- Problem
Leaving out the images, repeat all the lines below exactly.

- Dataset extract
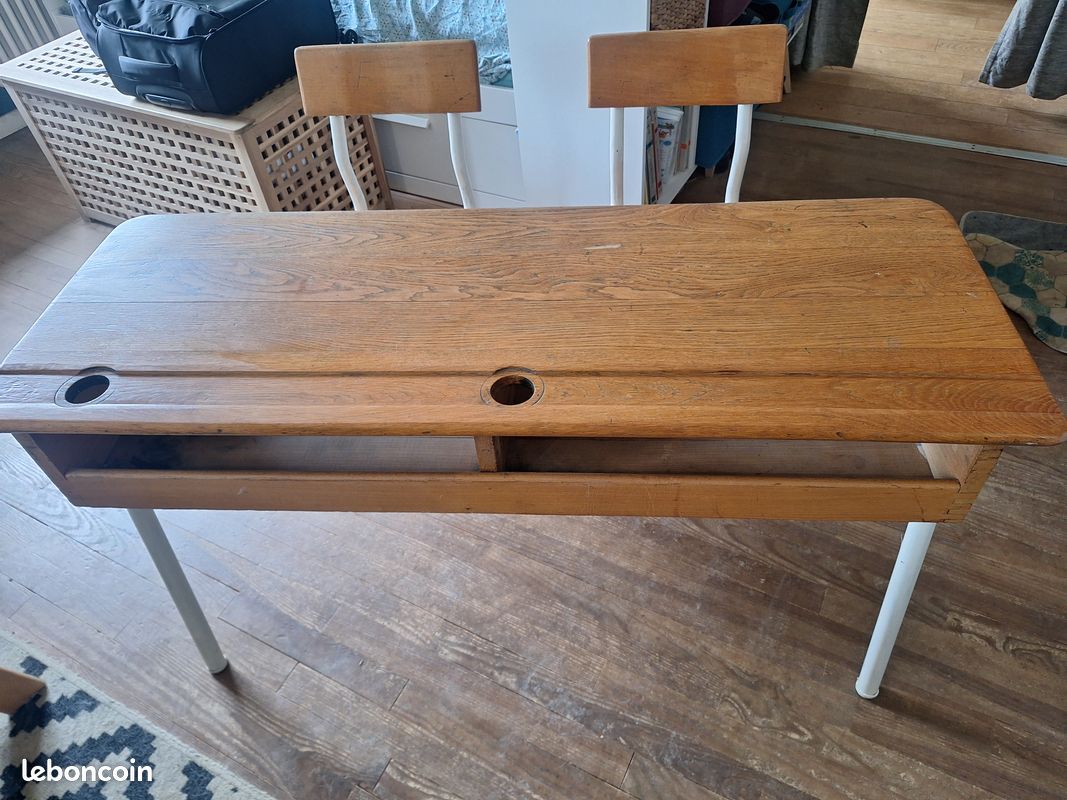 Bureau (image 1)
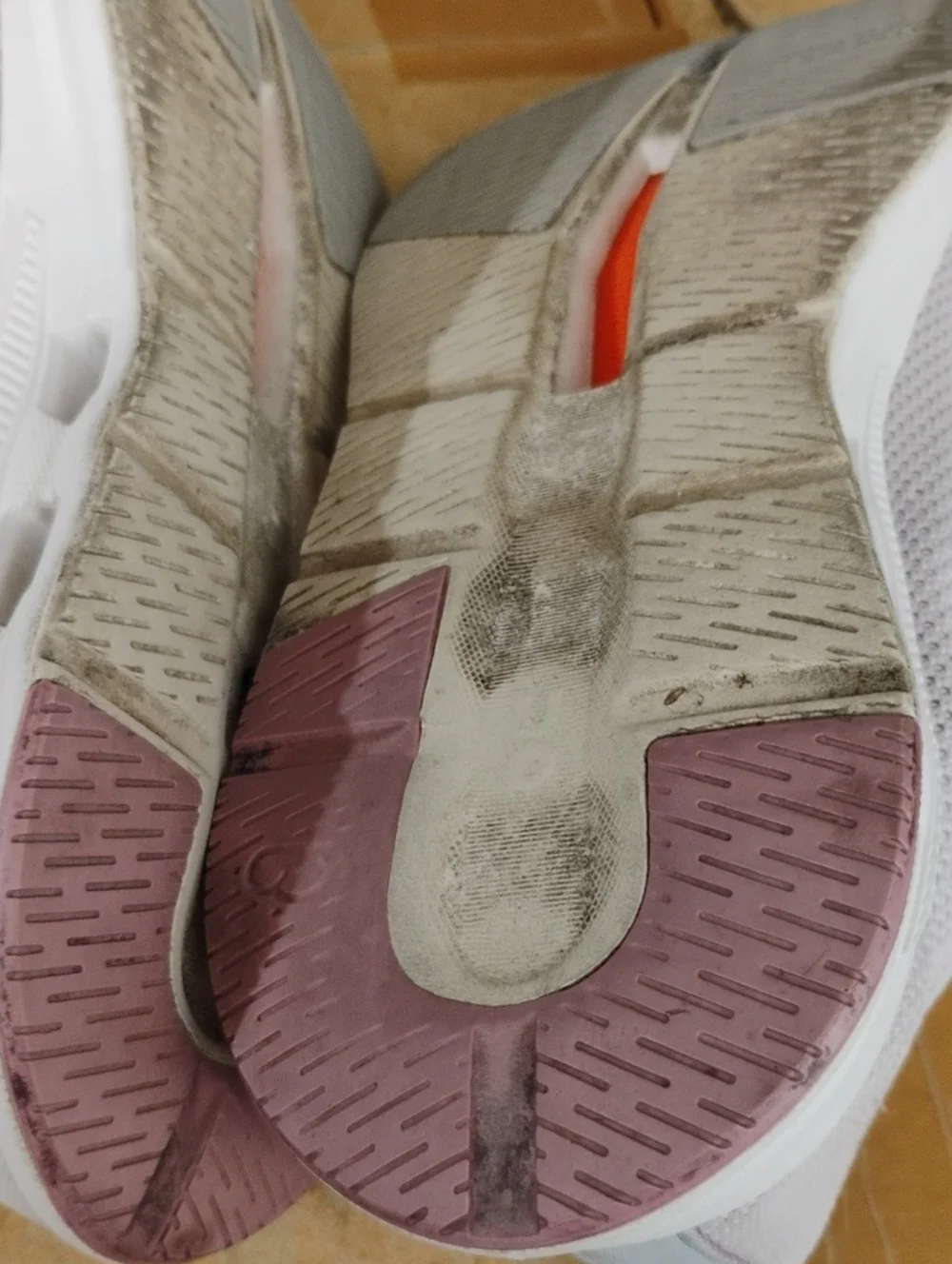 On Cloudtech Lightweight Lavender Running Sneakers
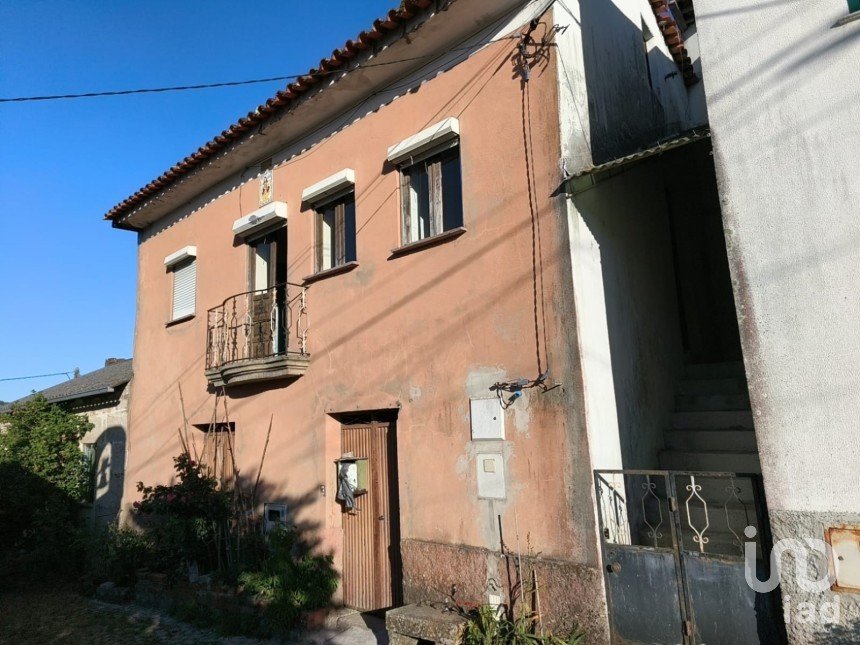 Maison T4 à Seixo da Beira de 498 m²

- Expected answer
 Bureau (image 1)
 On Cloudtech Lightweight Lavender Running Sneakers
 Maison T4 à Seixo da Beira de 498 m²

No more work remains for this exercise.